** Data records follows **

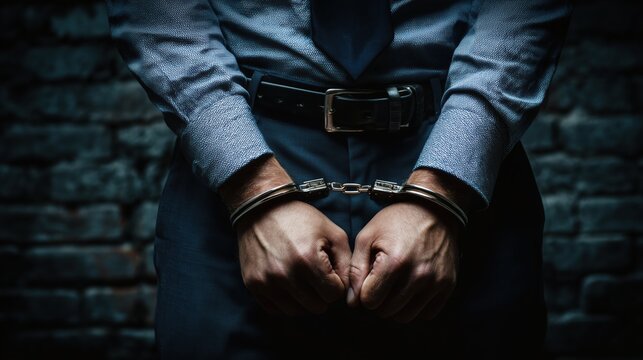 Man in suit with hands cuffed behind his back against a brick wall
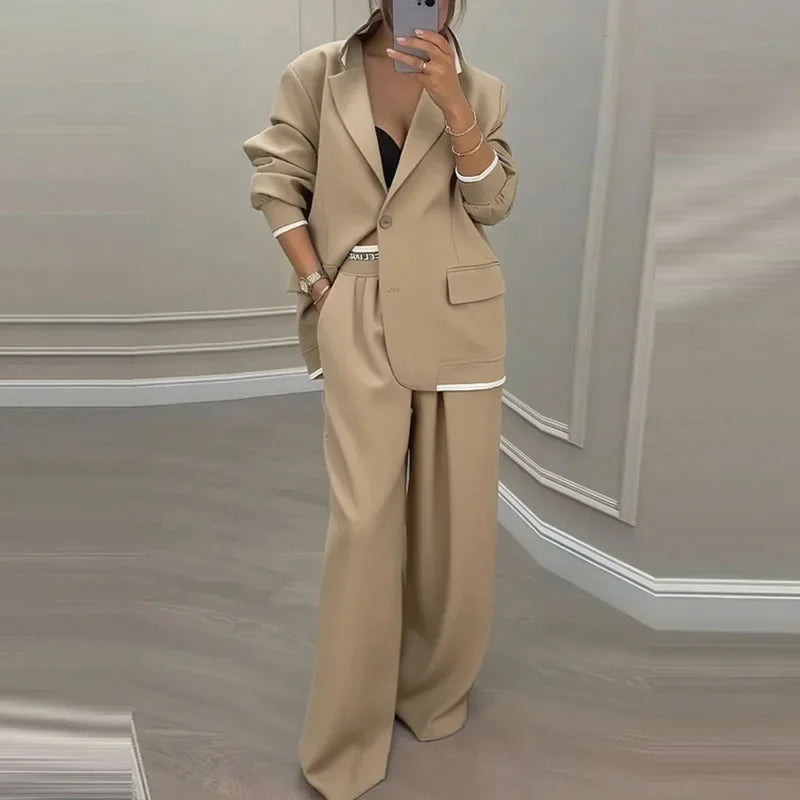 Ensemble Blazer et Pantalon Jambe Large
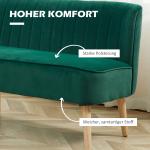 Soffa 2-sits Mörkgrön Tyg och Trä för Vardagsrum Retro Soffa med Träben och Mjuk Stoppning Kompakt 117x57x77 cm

** End of Data records **
** Data records follows **

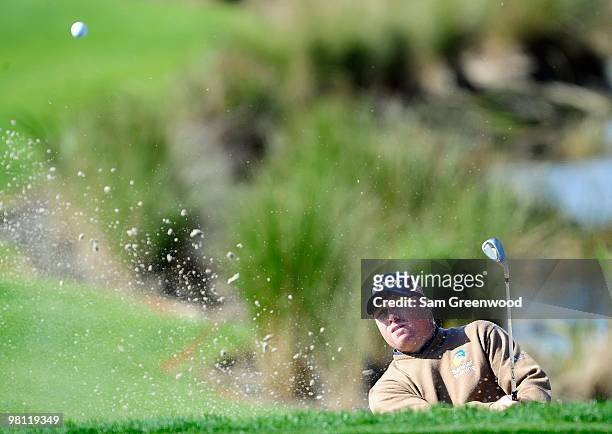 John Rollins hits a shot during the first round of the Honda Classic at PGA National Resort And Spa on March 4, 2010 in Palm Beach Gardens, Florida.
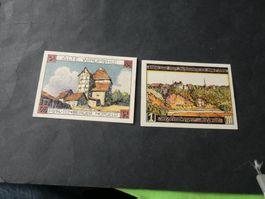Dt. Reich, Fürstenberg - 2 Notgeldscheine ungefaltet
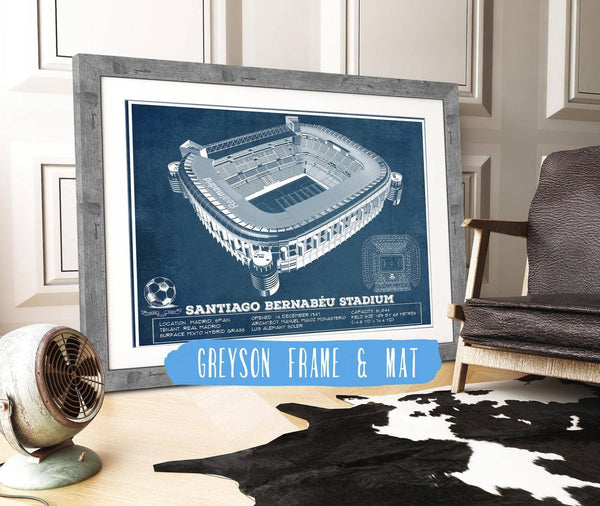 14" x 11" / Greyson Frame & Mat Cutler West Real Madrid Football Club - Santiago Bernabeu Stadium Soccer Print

** End of Data records **
** Data records follows **

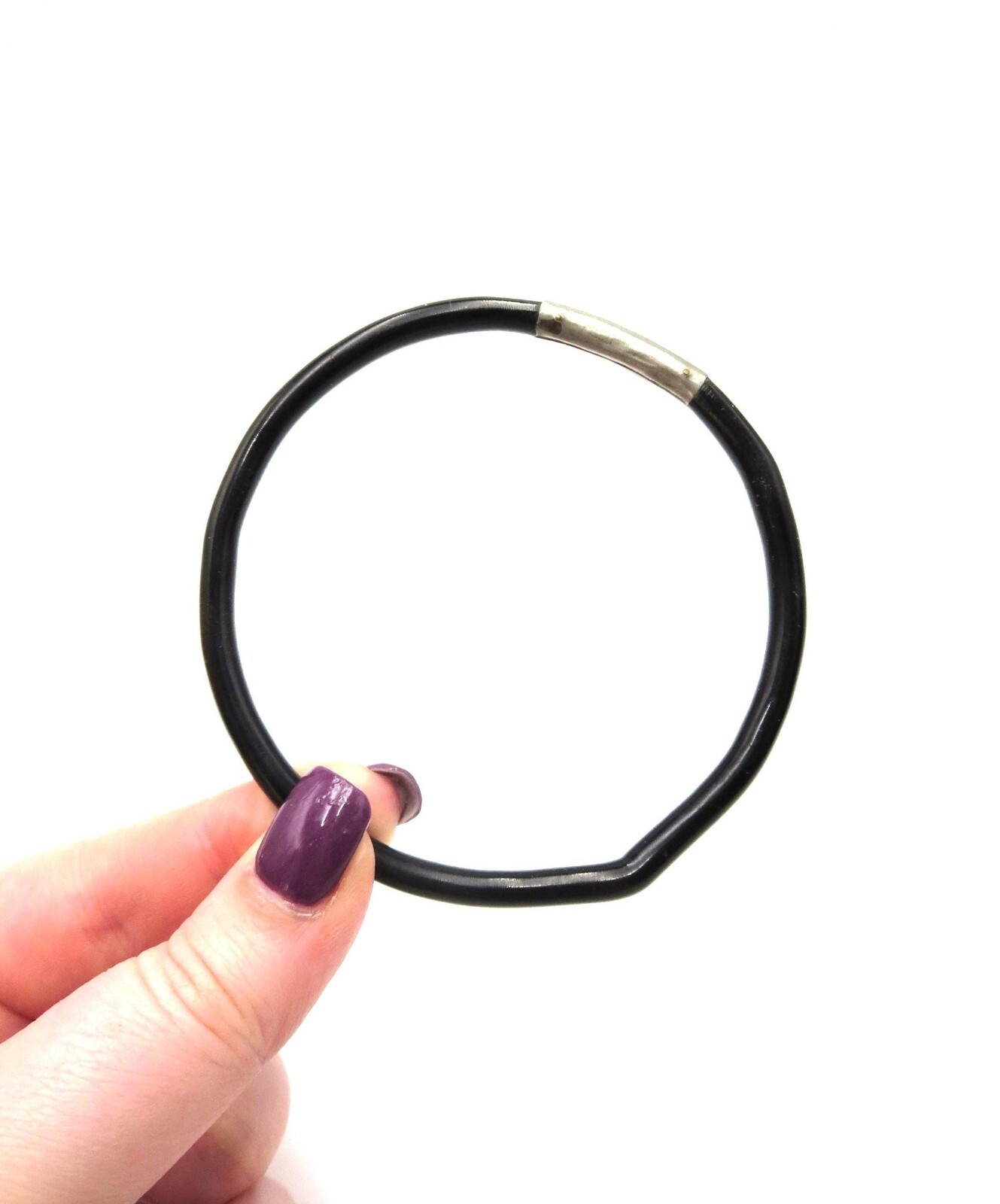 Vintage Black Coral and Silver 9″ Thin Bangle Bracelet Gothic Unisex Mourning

** End of Data records **

**What to produce**
Begin at the line in the entries above that has "Man in suit", stop after the line that has "Soffa 2-sits Mörkgrön", and output exactly those lines without pictures.

**Written solution**
 Man in suit with hands cuffed behind his back against a brick wall
 Ensemble Blazer et Pantalon Jambe Large
 Soffa 2-sits Mörkgrön Tyg och Trä för Vardagsrum Retro Soffa med Träben och Mjuk Stoppning Kompakt 117x57x77 cm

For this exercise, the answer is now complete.